I use the term Catch-44 to mean a bad trap, twice as bad as a Catch-22.
(See Part 1)
A ‘progress trap’ is a term I encountered in the book entitled A Short History of Progress.
In Chapter 2 the author, Ronald Wright, reveals “what we can deduce from the first progress trap - the perfection of hunting, which ended the Stone Age...”
(See Part 2)
Now, about that first progress trap he writes the following:
“Modern hunter-gatherers - Amazonians, Australian Aboriginals, Inuit, Kalahari bushmen - are wise stewards of their ecologies, limiting their own numbers, treading lightly on the land.”
I know, you’re already ahead of me. You’ve deduced that early man did not tread lightly, were not good stewards. You may also have jumper farther ahead to modern day, our wastefulness, the corner we have painted ourselves into quite nicely.
Hey, not so fast.
["Are we nothing more than a greedy monkey?": photo by GH]
Wright continues:
“It is often assumed that ancient hunters would have been equally wise. But archaeological evidence does not support this view. Palaeolithic hunting was the mainstream livelihood, done in the richest environments on a seemingly boundless earth.”
Stop it. Already you’re thinking about how unwisely modern corporations have decimated the seemingly boundless forests and salmon stocks in the NW region of the US, aka ‘the Pacific North-west.' Let Wright finish.
“(Palaeolithic hunting was) done, we have to infer from the profligate remains, with the stock-trader’s optimism that there would always be another big killing just over the next hill. In the last and best-documented mass extinctions - the loss of flightless birds and other animals from New Zealand and Madagascar - there is no room for doubt that people were to blame. The Australian biologist Tim Flannery has called human beings the “future-eaters.” Each extinction is a death of possibility.”
Okay, it’s my turn to openly reflect on a related matter.

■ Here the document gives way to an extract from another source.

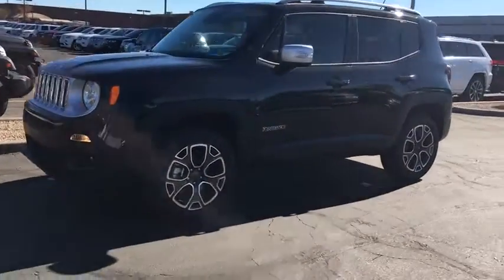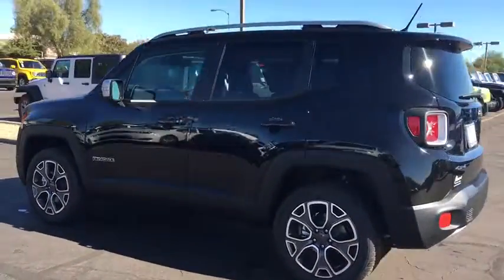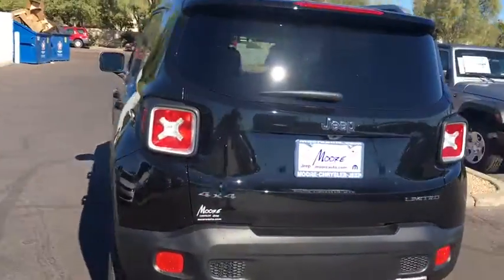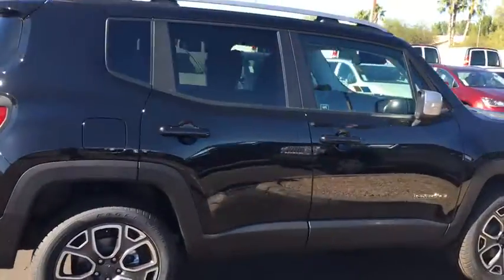The 2016 Jeep Renegade offers full-size capability built into a smaller SUV. The Jeep Renegade is an incredible combo of smart technology, cool colors, and innovative materials. It has a capable command center with the tools you need for discovering everything that's out there.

This from an essay I read last night from a book entitled Moral Ground (K.D. Moore, M.P. Nelson):
“We are indeed experiencing the greatest wave of extinctions since the disappearance of the dinosaurs,” said Ahmed Djoghlaf, head of the UN convention on biological diversity. “Extinction rates are rising by a factor of up to 1,000 above natural rates. Every hour, three species disappear. Every day, up to 150 species are lost. Every year, between 18,000 and 55,000 species become extinct,” he said. “The cause: human activities.”
Sorry, I digress.
Wright says:
“So among the things we need to know about ourselves is that the Upper Paleaolithic period, which may well have begun in genocide, ended with an all-you-can-kill wildlife barbecue. The perfection of hunting spelled the end of hunting as a way of life. Easy meat meant more babies. More babies meant more hunters. More hunters, sooner or later, meant less game. Most of the great human migrations across the world at this time must have been driven by want, as we bankrupted the land with our moveable feasts... the hunters at the end of the Stone Age were certainly not clumsy, but they were bad because they broke rule one for any prudent parasite: Don’t kill off your host.”
“As they drove species after species to extinction, they walked into the first progress trap.”
“Some of their descendants - the hunter-gatherer societies that have survived into recent times - would learn in the school of hard knocks to restrain themselves.”
Question: Does modern man restrain himself?
Wright concludes:
“But the rest of us found a way to raise the stakes: that great change known to hindsight as the Farming or Neolithic “Revolution.”
And how is that going for us?
We’re inflicting other progress traps upon ourselves.
Now we’re burning rain forests to plant soy for beef cattle.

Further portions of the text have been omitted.